**Material provided:**
::::::::::

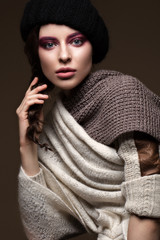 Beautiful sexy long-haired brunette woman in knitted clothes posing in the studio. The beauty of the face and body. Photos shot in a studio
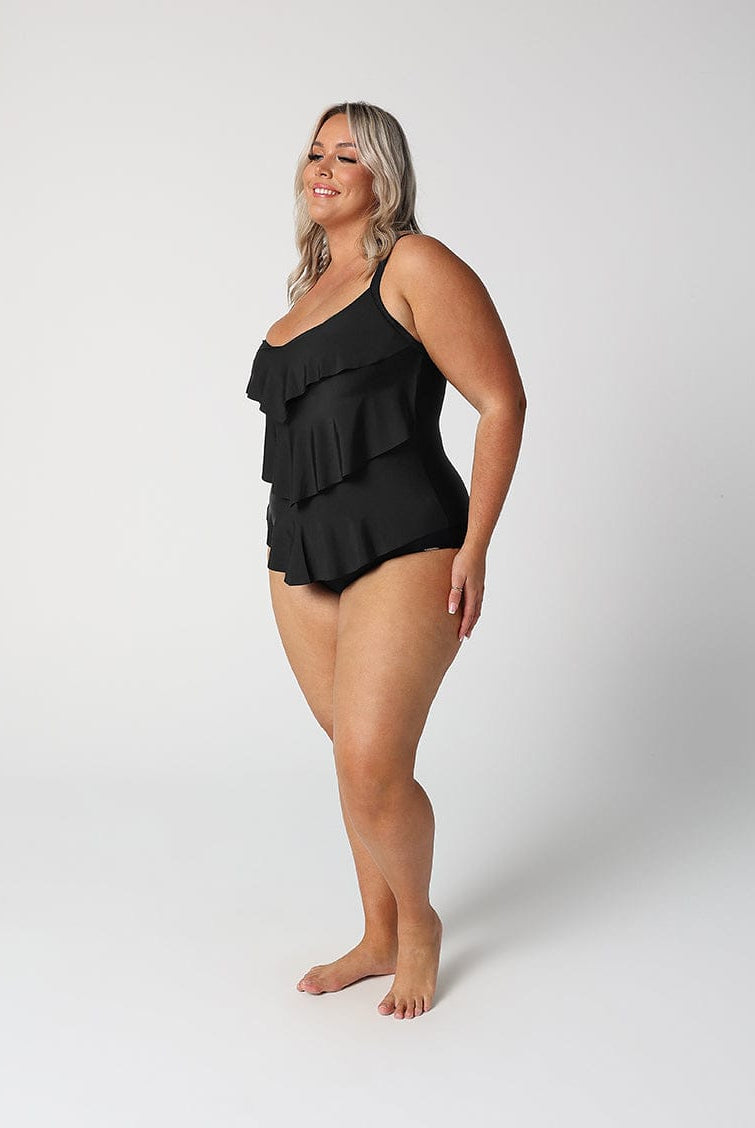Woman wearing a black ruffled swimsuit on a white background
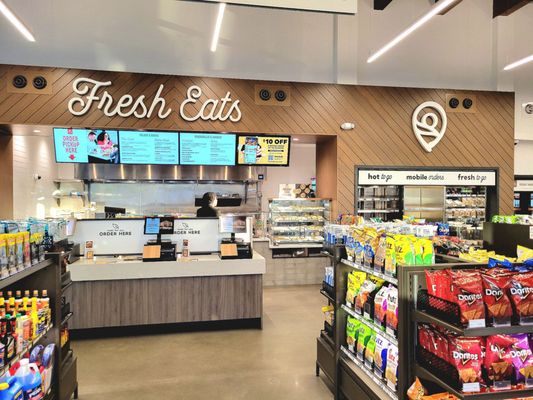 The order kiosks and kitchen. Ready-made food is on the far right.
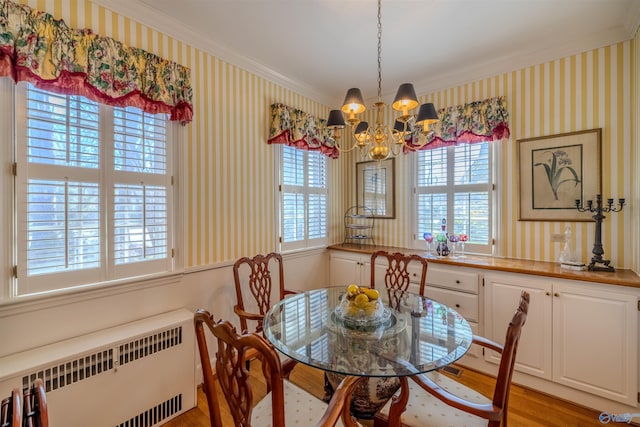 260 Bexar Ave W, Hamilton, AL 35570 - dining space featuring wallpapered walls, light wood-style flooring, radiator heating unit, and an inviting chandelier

::::::::::

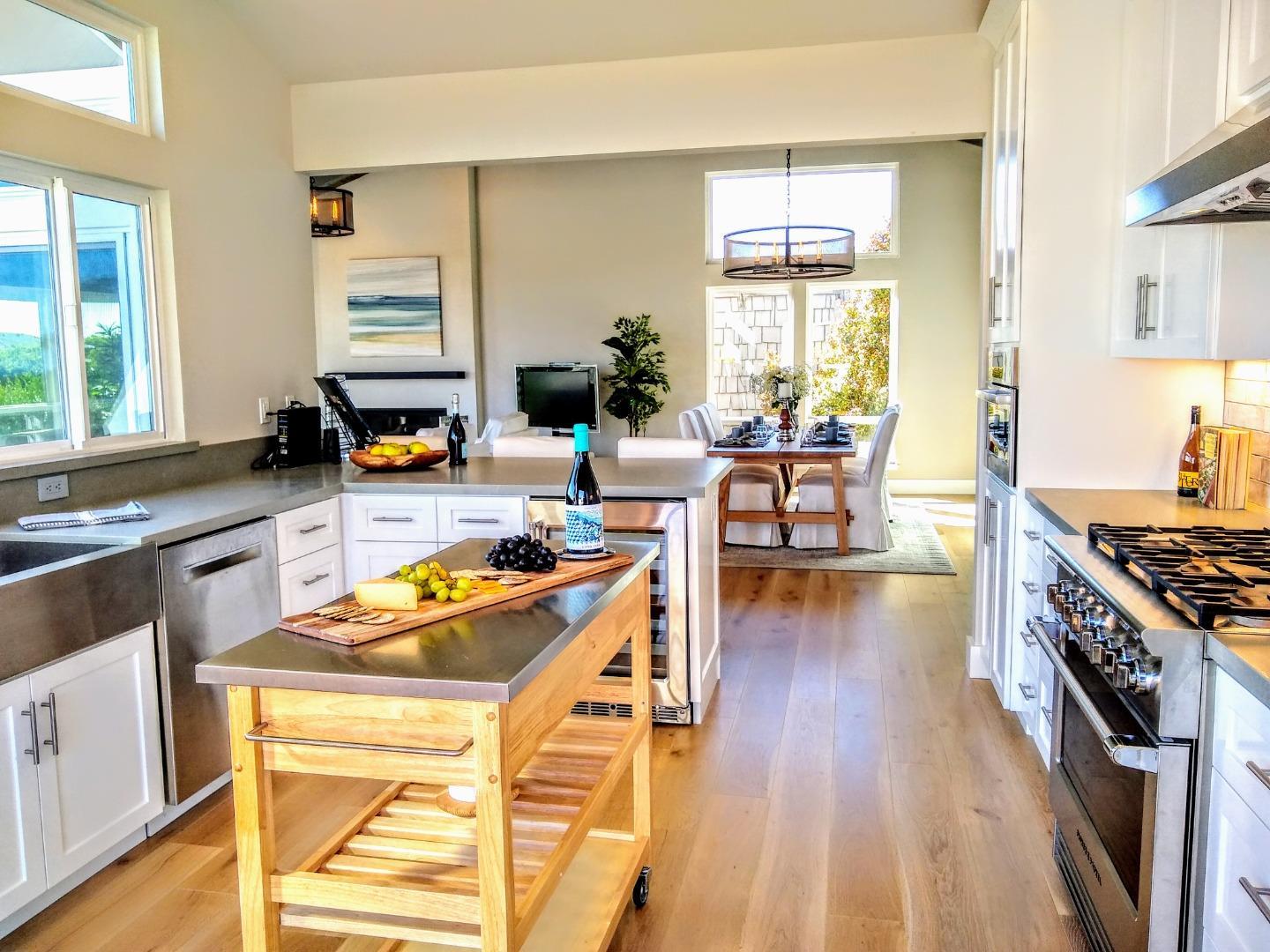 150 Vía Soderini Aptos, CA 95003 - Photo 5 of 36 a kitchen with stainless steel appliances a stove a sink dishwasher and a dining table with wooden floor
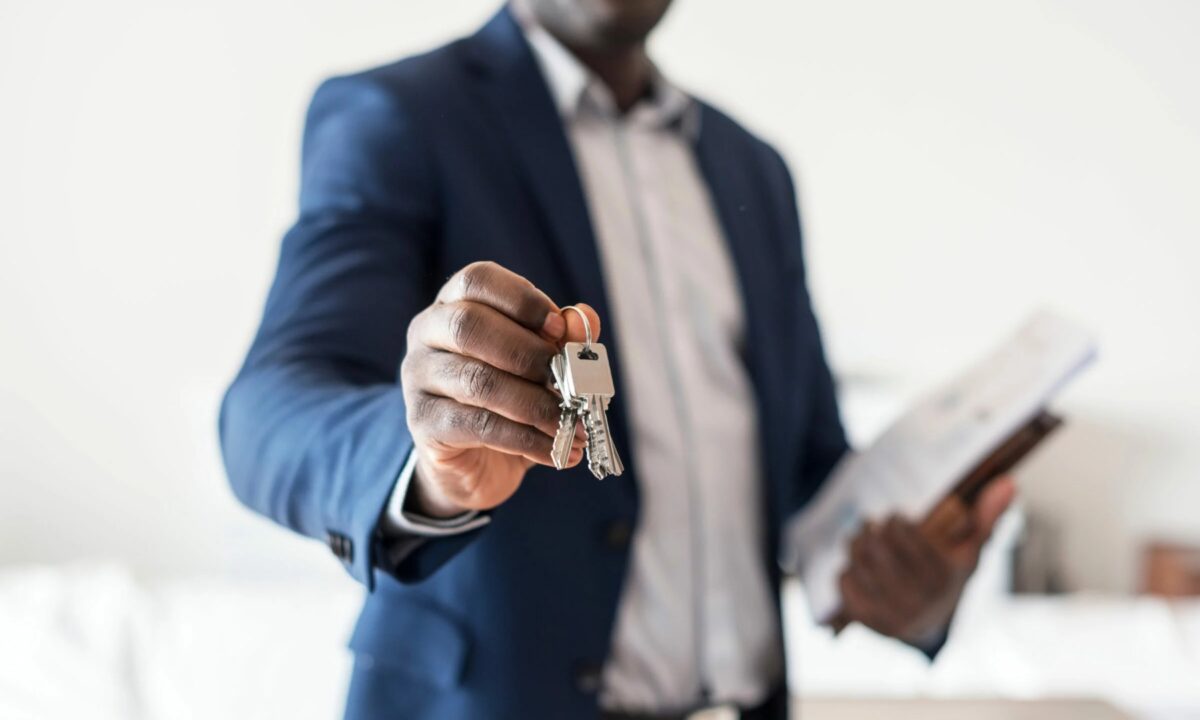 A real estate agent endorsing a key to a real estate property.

::::::::::

Please return the material above only from the line that holds "150 Vía Soderini" through the line that holds "A real estate agent", exactly as it stands, ends included and pictures omitted.

 150 Vía Soderini Aptos, CA 95003 - Photo 5 of 36 a kitchen with stainless steel appliances a stove a sink dishwasher and a dining table with wooden floor
 A real estate agent endorsing a key to a real estate property.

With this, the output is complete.